One possible way to utilise this space is to have a special pointer that points to nodes higher in the tree (i.e. ancestors). These special pointers are called threads, and the binary tree having such pointers is called a threaded binary tree.

A Threaded Binary Tree is a variant of a normal Binary Tree that facilitates faster tree traversal and does not require a Stack or Recursion. It decreases the memory wastage by setting the null pointers of a leaf node to the in-order predecessor or in-order successor.

**What is a Threaded Binary tree? **

In a Threaded Binary Tree, the nodes will store the in-order predecessor/successor instead of storing NULL in the left/right child pointers.

So the basic idea of a threaded binary tree is that for the nodes whose right pointer is null, we store the in-order successor of the node (if-exists), and for the nodes whose left pointer is null, we store the in-order predecessor of the node(if-exists).

One thing to note is that the leftmost and the rightmost child pointer of a tree always points to null as their in-order predecessor and successor do not exist.

To understand this, let’s look at an example of a Threaded Binary Tree.

In the above-given figure, the right pointer of node value 6 points to 9.

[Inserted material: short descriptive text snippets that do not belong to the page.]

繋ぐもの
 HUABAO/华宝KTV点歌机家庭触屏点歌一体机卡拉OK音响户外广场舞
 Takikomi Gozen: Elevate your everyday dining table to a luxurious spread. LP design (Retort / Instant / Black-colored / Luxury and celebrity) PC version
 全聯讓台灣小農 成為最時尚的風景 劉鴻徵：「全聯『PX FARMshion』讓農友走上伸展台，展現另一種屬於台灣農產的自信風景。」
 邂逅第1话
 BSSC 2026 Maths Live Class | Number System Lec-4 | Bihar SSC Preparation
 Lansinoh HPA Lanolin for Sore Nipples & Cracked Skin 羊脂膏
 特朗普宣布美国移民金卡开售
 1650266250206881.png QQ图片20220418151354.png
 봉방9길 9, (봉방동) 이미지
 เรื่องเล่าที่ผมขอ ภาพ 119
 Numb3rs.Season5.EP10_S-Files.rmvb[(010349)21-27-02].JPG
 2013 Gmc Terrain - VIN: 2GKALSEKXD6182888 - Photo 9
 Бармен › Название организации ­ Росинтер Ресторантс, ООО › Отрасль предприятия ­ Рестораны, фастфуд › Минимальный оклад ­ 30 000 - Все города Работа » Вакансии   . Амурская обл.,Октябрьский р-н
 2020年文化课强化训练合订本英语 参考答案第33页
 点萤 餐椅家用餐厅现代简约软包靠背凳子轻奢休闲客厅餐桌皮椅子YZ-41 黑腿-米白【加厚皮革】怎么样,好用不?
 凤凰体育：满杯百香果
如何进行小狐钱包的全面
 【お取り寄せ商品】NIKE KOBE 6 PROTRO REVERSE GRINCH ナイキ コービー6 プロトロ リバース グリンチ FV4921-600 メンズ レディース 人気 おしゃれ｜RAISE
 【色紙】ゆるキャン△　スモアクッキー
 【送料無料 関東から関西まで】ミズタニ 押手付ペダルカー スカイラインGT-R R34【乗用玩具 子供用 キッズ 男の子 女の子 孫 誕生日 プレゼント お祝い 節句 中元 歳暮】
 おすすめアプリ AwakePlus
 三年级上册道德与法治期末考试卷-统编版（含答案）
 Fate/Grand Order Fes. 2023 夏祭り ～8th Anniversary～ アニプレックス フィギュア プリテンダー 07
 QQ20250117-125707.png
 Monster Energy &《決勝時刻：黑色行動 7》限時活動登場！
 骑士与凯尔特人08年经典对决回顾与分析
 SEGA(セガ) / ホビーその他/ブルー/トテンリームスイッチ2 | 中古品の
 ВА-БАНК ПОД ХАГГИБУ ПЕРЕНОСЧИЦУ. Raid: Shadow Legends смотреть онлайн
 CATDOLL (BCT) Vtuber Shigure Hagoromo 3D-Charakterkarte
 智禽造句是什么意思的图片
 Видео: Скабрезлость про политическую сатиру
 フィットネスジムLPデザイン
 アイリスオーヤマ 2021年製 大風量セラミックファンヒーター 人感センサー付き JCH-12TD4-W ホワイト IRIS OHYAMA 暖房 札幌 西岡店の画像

- Now, we will check the left pointer of node 9, and if it is NULL, then we modify the reference to the predecessor of the node, which is 6.
- Then, we will check for the right pointer, and if it is also NULL, we will point it to the successor node, which is 10. Thus, it will point to 10.
- We point to
**in-order predecessors/successors**in left/right pointers using**threads**(denoted by dotted lines) as shown in the figure above, and that is why it is known as a Threaded Binary Tree. - Since the leftmost pointer of this tree is the left pointer of node value 5 and the rightmost pointer of this tree is the right pointer of node value 20, they both point to NULL.

The main idea behind setting such a structure is to make the inorder and preorder traversal of a binary tree faster without using any additional data structure (e.g. auxiliary stack) or memory for its traversal.

**Types of Threaded Binary tree**

There are two types of Threaded Binary Trees:

**Single-Threaded Binary Tree**

In this type, if a node has a right null pointer, then this right pointer is threaded towards the in-order successor’s node if it exists.

**Node Structure of Single-Threaded Binary Trees: **The structure of a node in a binary threaded tree is quite similar to that of a binary tree, but with some modifications. In threaded binary trees, we need to use extra boolean variables in the node structure. For single-threaded binary trees, we use only the **rightThread **variable.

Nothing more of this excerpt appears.